Supplied data:
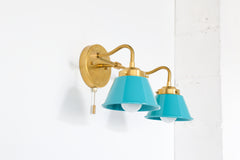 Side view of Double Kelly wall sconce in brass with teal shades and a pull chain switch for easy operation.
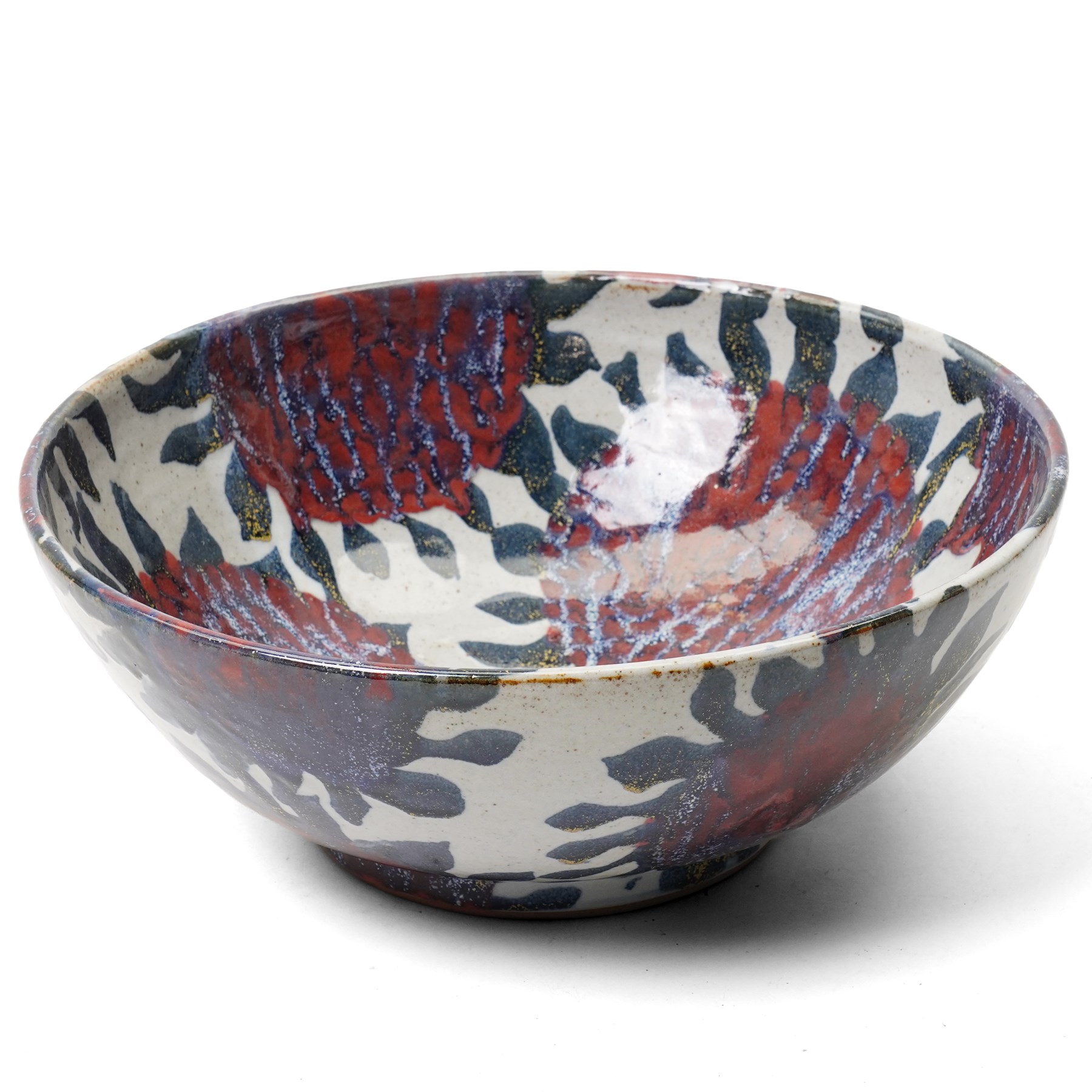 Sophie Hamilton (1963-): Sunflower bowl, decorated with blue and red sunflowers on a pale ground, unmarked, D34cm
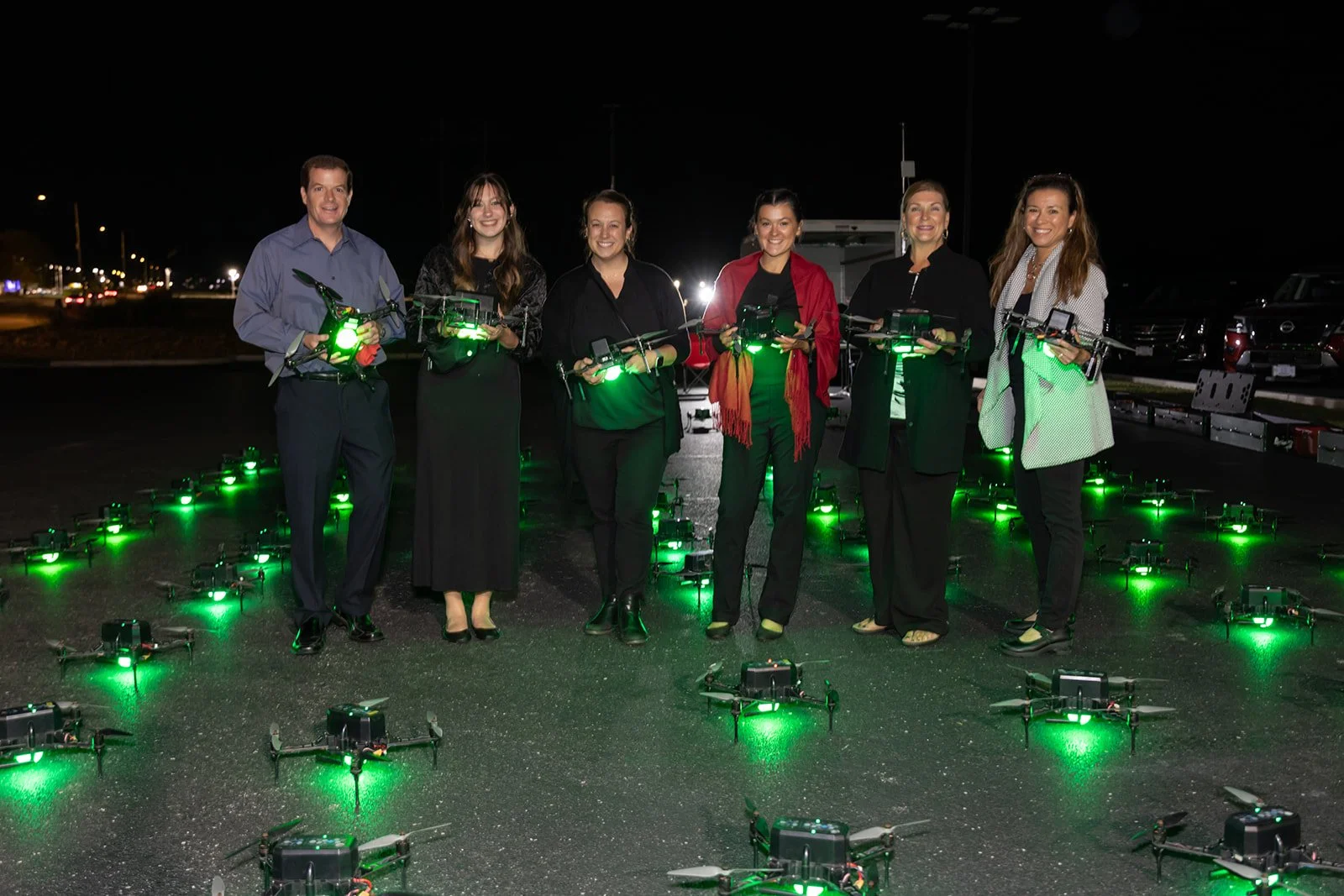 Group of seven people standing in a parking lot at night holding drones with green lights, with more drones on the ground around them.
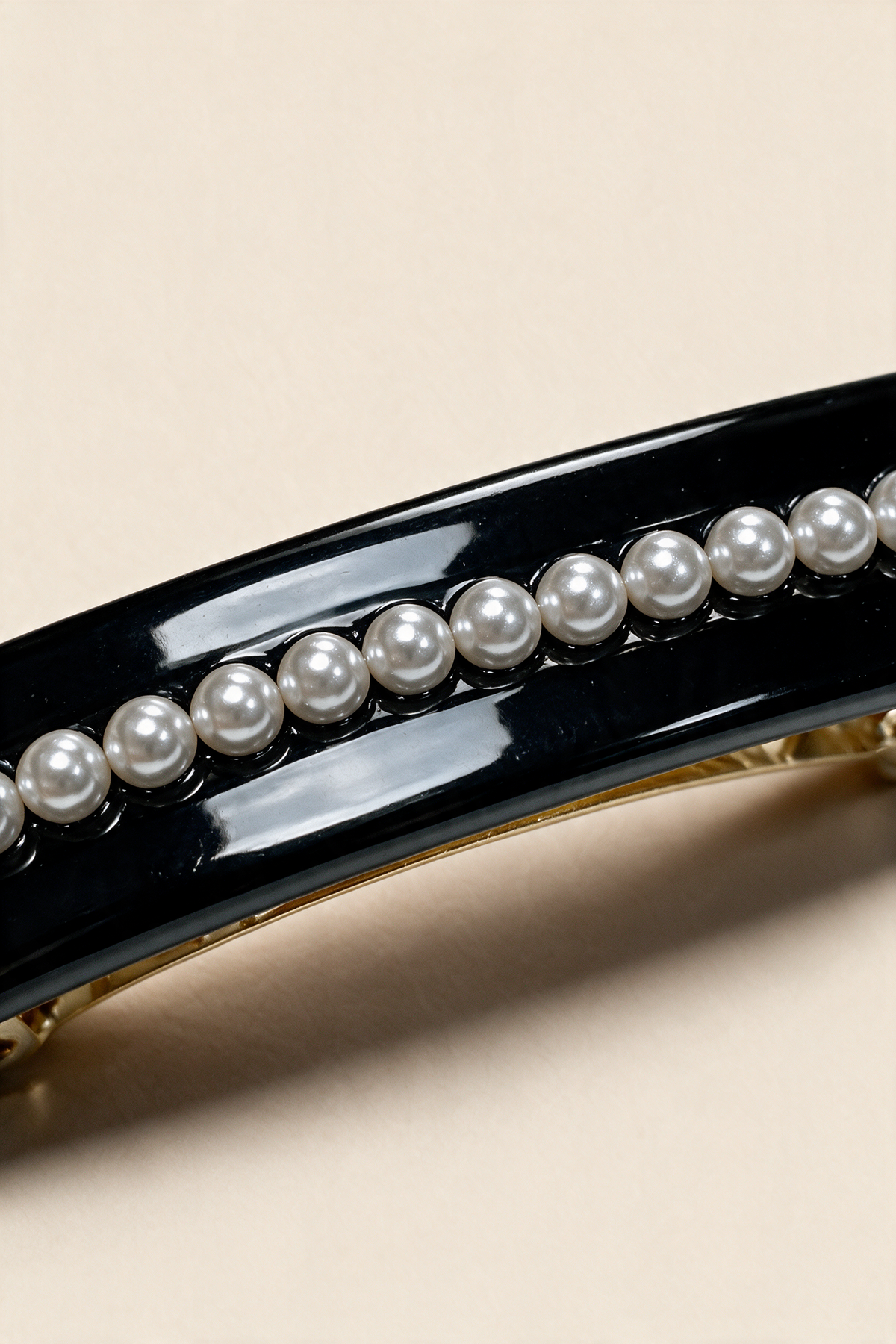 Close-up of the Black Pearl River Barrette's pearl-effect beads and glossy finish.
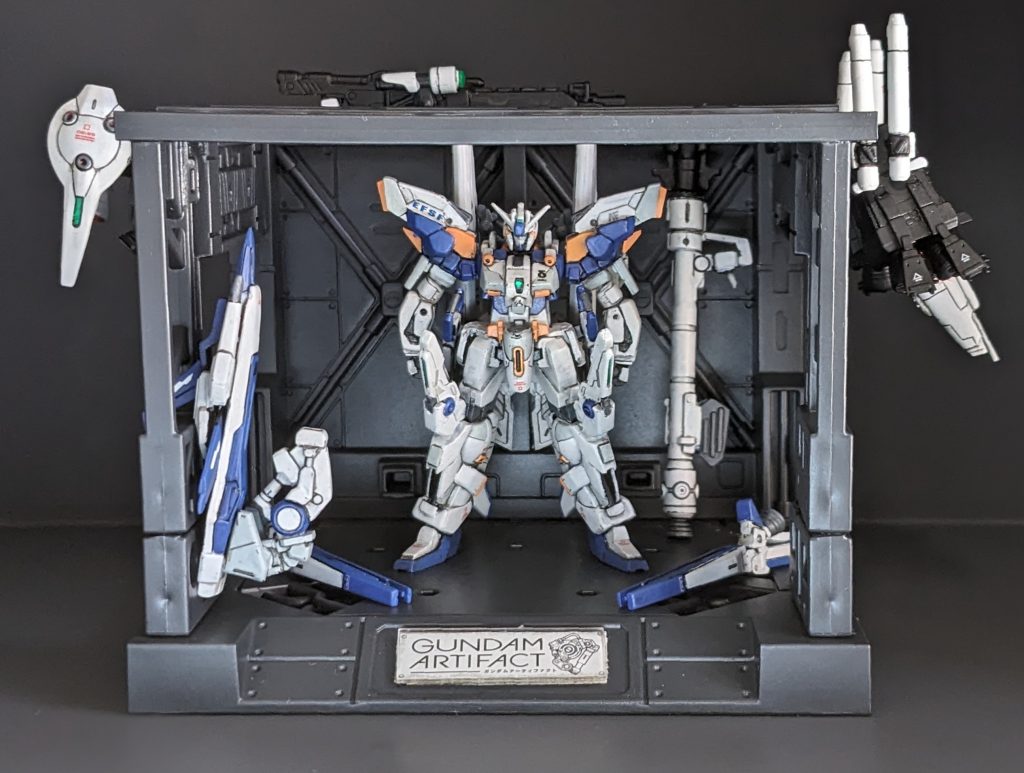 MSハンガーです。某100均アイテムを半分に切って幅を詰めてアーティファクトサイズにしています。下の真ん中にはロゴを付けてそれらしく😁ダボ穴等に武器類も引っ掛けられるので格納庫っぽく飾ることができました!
==
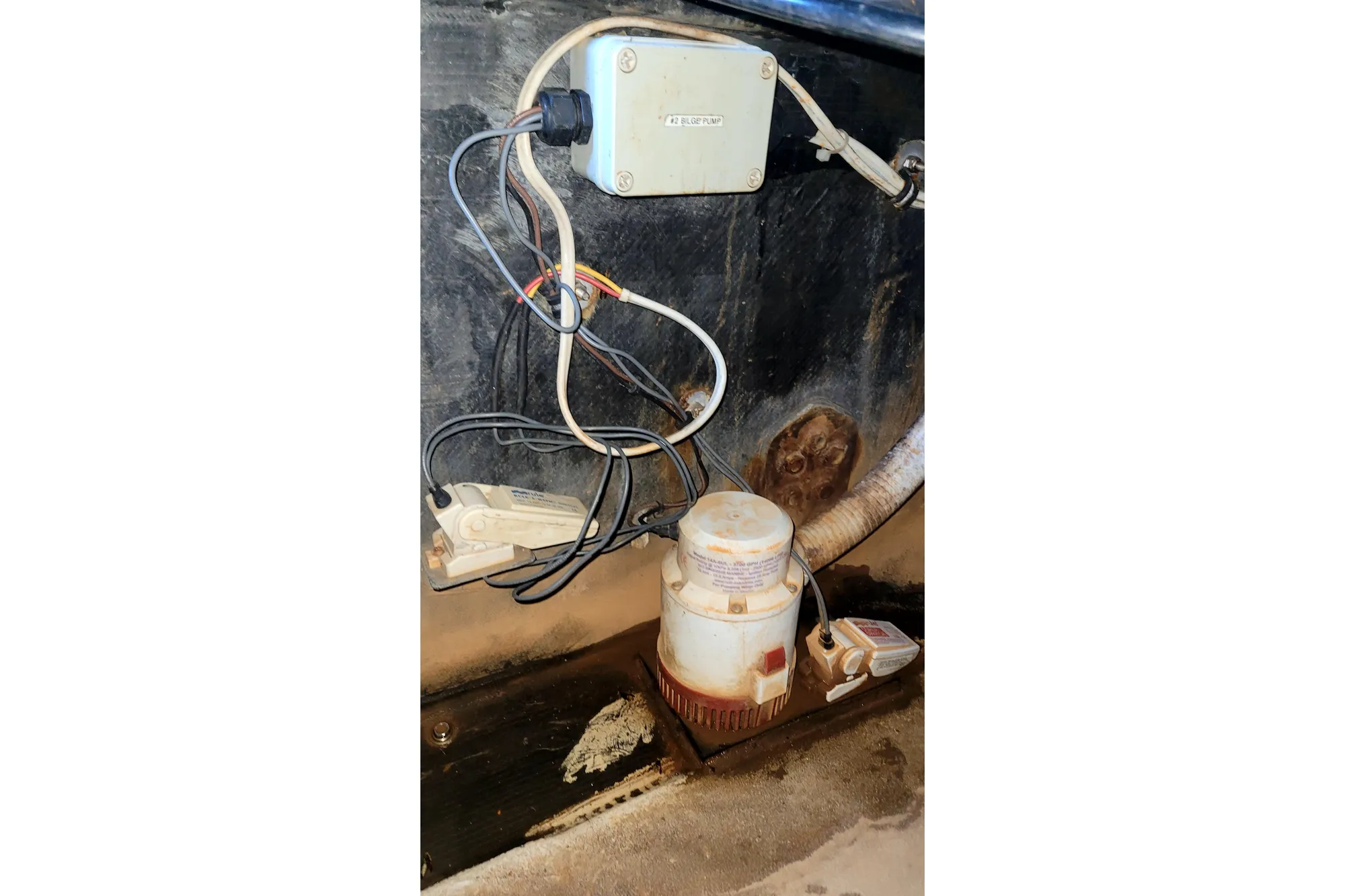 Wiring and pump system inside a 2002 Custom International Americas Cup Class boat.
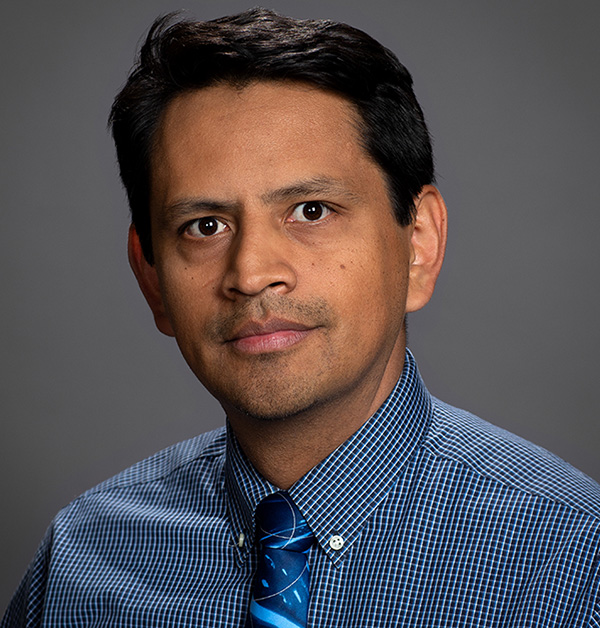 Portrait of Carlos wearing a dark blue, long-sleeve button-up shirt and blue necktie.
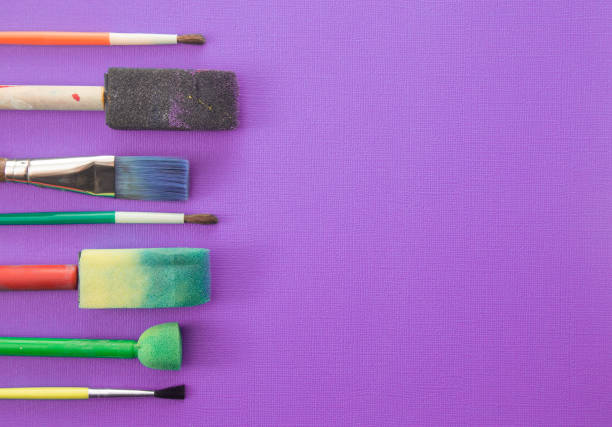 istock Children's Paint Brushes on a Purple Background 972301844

How to complete this task: Above are the records; copy exactly the lines from the one with "Close-up of the" through the one with "MSハンガーです。某100均", including both, and nothing more. Leave out pictures.

Answer box:
 Close-up of the Black Pearl River Barrette's pearl-effect beads and glossy finish.
 MSハンガーです。某100均アイテムを半分に切って幅を詰めてアーティファクトサイズにしています。下の真ん中にはロゴを付けてそれらしく😁ダボ穴等に武器類も引っ掛けられるので格納庫っぽく飾ることができました!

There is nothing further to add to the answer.